When we sit down to our holiday feasts, we typically think of the damage all of that food is doing to our waistlines. Seldom do we think of the damage that is being done to our teeth. Starches, sweets, sodas and wine are staples of our dinner tables, but they are some of the worst foods for dental health.
To help prevent damage and decay, keep your teeth in mind when you pile your plate this season. Focus on the following foods to make your mouth (and your dentist) happy over the holidays.
Focus on Fiber-Rich Foods
Appetizers are often some of the best foods for dental health, so hit the crudites platter hard. Fibrous foods act as a detergent for your mouth, reducing the effects of enzymes and acids.

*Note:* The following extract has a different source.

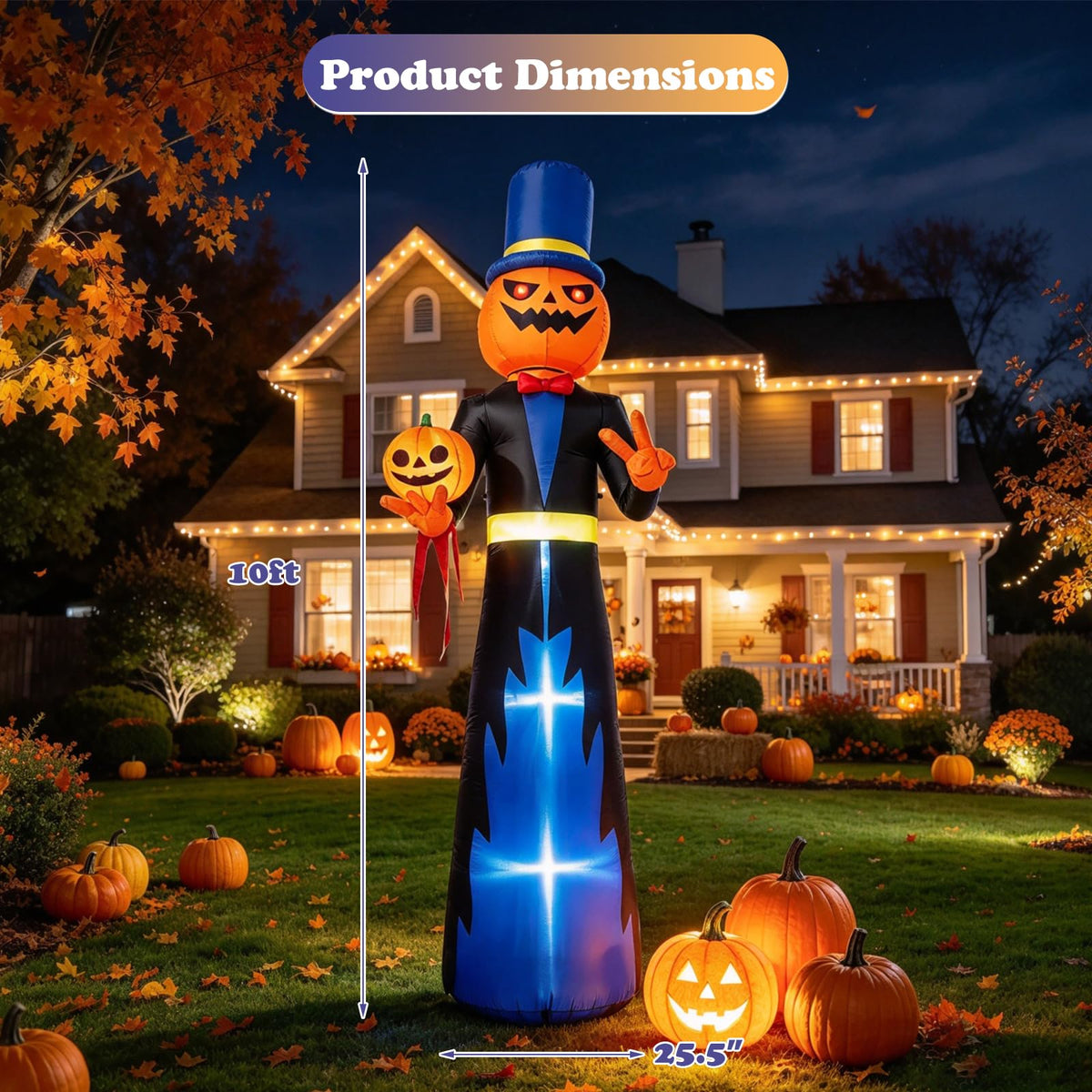 Lucktree 10 FT Animated Halloween Inflatable Pumpkin Gentleman Decoration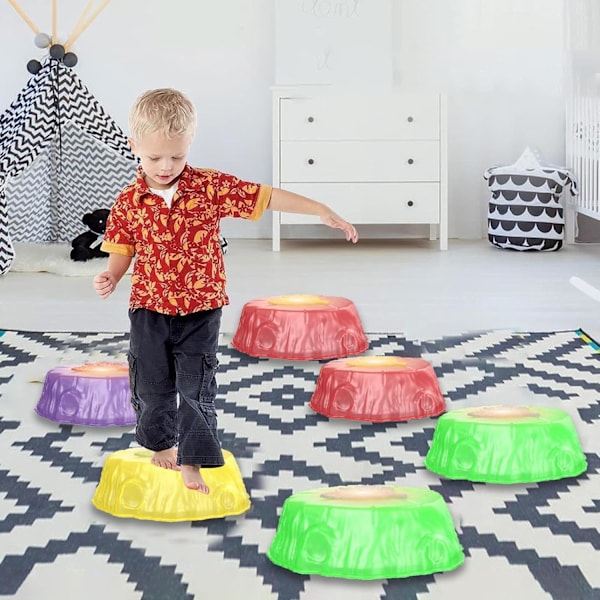 Stepping Stones for Kids - Sklisikre Sansestimulerende Stepping Stones, Interaktive Hage Steiner, Sklisikre Balanserende Elvesteiner, Fremmer Koordinasjon for Barn A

Fresh vegetables and nuts are great choices; they produce extra saliva as you chew, which prevents decay and helps eliminate oral bacteria. Nuts are chock-full of calcium, adding to the minerals and phosphates already in your saliva working to remineralize your teeth.
Fruit can also be a good choice, provided that it does not have a high sugar or acid content. Opt for fresh pears, which help neutralize acid on tooth surfaces, or pomegranates which can help remove plaque. Both are good sources of Vitamin C, which is essential for gum health.
The Bird is The Word
For a tooth-friendly dose of protein and vitamins, turkey is a dental all-star. Protein is a good source of phosphorous which is great for bones and teeth when combined with calcium and vitamin D. This meat can be stringy and get caught between teeth, however, so be sure to floss after you feast.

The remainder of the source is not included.